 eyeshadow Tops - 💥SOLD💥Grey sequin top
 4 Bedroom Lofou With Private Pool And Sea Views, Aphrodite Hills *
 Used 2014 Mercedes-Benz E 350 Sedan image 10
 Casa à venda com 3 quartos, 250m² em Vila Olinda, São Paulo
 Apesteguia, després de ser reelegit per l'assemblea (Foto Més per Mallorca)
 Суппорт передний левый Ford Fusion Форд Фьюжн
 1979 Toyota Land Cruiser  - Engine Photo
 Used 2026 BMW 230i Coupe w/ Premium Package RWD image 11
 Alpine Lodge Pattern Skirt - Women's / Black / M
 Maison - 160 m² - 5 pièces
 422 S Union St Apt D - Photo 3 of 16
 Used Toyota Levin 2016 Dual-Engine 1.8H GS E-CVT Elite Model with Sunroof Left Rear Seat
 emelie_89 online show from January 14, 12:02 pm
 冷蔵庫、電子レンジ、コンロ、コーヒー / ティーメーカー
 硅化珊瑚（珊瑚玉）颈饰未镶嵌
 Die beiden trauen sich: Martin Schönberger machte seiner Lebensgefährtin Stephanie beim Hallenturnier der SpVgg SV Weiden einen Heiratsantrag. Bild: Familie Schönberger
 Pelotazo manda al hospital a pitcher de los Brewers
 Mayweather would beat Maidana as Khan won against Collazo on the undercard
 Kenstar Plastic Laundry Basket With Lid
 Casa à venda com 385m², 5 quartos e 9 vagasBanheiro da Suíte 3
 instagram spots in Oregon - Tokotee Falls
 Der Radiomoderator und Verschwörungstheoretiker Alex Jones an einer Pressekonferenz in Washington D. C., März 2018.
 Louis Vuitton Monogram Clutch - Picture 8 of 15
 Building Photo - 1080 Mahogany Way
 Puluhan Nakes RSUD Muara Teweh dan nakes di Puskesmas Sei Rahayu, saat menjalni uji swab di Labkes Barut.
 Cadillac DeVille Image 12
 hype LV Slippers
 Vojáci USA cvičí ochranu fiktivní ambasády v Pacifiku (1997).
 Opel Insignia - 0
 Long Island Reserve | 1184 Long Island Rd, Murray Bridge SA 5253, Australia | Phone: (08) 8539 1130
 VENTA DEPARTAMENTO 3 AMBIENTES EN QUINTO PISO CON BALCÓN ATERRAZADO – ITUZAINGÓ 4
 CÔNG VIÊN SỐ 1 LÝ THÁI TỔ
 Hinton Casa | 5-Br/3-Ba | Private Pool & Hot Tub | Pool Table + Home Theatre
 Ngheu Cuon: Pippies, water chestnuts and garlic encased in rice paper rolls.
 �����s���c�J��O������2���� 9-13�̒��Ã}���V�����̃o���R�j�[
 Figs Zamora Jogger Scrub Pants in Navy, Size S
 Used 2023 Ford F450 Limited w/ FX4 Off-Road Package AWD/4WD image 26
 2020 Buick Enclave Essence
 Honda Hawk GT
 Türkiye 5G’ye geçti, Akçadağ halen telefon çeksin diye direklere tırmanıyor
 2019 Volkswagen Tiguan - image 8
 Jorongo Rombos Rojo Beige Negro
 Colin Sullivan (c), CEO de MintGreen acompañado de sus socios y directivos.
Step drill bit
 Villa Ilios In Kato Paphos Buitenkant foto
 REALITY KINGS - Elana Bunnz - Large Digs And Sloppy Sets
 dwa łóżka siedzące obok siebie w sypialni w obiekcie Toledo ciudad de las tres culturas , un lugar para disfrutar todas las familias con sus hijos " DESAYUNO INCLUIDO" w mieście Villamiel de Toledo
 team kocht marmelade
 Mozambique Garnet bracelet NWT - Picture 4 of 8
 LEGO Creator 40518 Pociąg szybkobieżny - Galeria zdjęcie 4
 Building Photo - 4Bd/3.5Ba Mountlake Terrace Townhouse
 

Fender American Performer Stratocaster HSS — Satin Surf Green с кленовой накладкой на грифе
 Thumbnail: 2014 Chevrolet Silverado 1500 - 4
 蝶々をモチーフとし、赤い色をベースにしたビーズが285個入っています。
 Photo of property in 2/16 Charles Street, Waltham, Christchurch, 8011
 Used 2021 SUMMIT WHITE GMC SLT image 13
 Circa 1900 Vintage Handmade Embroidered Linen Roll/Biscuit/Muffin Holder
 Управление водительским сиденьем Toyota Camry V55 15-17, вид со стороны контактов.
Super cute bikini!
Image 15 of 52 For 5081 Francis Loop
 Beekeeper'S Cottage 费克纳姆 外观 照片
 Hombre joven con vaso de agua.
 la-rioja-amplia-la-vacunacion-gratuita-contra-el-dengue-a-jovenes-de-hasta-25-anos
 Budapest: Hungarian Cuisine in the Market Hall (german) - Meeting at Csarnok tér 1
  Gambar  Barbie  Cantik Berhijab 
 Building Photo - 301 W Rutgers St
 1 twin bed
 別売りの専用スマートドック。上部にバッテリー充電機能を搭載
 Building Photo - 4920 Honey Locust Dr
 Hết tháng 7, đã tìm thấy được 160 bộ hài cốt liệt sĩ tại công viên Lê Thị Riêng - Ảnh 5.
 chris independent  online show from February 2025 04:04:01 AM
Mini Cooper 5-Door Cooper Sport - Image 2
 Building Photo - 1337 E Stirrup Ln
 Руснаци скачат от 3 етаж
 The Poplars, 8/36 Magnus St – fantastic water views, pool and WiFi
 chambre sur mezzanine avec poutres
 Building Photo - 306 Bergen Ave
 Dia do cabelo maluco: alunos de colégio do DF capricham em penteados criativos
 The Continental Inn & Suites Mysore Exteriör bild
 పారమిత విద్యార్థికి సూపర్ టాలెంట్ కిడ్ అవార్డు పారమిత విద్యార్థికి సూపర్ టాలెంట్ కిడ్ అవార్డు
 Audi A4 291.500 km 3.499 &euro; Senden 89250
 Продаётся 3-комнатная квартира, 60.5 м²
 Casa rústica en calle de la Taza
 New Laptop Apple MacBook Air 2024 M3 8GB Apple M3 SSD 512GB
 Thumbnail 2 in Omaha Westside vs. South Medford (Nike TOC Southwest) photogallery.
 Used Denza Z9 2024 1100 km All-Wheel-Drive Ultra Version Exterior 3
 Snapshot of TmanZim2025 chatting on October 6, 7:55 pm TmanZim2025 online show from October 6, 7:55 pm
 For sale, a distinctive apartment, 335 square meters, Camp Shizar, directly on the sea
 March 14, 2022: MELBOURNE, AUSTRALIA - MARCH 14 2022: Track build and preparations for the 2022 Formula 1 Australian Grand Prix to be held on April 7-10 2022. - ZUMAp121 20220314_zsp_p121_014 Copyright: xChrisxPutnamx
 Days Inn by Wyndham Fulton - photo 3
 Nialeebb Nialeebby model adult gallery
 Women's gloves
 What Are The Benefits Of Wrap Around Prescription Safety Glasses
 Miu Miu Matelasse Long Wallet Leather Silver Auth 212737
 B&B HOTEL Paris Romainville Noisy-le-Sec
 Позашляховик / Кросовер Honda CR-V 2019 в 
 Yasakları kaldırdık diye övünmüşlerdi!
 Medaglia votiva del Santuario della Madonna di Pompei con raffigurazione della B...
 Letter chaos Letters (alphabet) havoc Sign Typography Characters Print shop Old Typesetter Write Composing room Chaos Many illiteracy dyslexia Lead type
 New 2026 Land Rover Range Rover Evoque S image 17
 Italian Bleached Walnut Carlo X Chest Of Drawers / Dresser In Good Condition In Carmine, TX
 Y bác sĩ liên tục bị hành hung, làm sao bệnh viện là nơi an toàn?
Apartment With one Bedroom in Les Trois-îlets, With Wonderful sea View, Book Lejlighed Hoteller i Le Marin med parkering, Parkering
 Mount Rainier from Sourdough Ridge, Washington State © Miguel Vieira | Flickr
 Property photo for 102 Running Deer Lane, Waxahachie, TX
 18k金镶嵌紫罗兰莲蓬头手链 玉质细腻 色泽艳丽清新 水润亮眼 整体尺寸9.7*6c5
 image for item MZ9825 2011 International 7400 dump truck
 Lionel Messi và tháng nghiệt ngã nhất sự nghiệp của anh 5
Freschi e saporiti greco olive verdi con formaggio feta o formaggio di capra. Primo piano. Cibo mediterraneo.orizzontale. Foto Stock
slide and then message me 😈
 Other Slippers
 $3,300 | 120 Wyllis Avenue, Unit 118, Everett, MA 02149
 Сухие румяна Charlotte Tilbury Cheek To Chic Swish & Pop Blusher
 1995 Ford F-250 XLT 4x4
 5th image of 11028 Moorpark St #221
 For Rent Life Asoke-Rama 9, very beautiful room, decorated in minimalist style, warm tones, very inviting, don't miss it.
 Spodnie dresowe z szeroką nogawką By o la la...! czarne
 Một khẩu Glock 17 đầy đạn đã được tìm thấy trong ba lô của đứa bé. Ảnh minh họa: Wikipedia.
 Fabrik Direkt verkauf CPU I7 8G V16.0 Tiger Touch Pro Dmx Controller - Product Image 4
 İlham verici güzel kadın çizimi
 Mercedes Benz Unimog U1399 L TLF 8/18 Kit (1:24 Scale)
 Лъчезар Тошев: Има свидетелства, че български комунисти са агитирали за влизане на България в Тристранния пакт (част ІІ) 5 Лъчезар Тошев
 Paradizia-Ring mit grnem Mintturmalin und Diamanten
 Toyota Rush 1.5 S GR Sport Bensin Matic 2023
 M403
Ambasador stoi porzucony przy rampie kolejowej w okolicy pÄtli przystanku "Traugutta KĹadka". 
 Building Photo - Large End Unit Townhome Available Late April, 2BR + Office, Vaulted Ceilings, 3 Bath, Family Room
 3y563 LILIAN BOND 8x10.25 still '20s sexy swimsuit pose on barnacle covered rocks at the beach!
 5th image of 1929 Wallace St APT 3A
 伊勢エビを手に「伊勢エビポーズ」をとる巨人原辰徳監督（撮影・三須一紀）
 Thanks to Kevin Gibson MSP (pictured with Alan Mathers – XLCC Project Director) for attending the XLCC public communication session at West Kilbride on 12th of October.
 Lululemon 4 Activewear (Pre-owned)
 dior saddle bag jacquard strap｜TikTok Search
☆ ☆ ☆
▶ [WHAT THE TASK REQUIRES]: Pull every line with the string "Package" out of the material.

▶ [WRITTEN SOLUTION]:
 Used 2026 BMW 230i Coupe w/ Premium Package RWD image 11
 Used 2023 Ford F450 Limited w/ FX4 Off-Road Package AWD/4WD image 26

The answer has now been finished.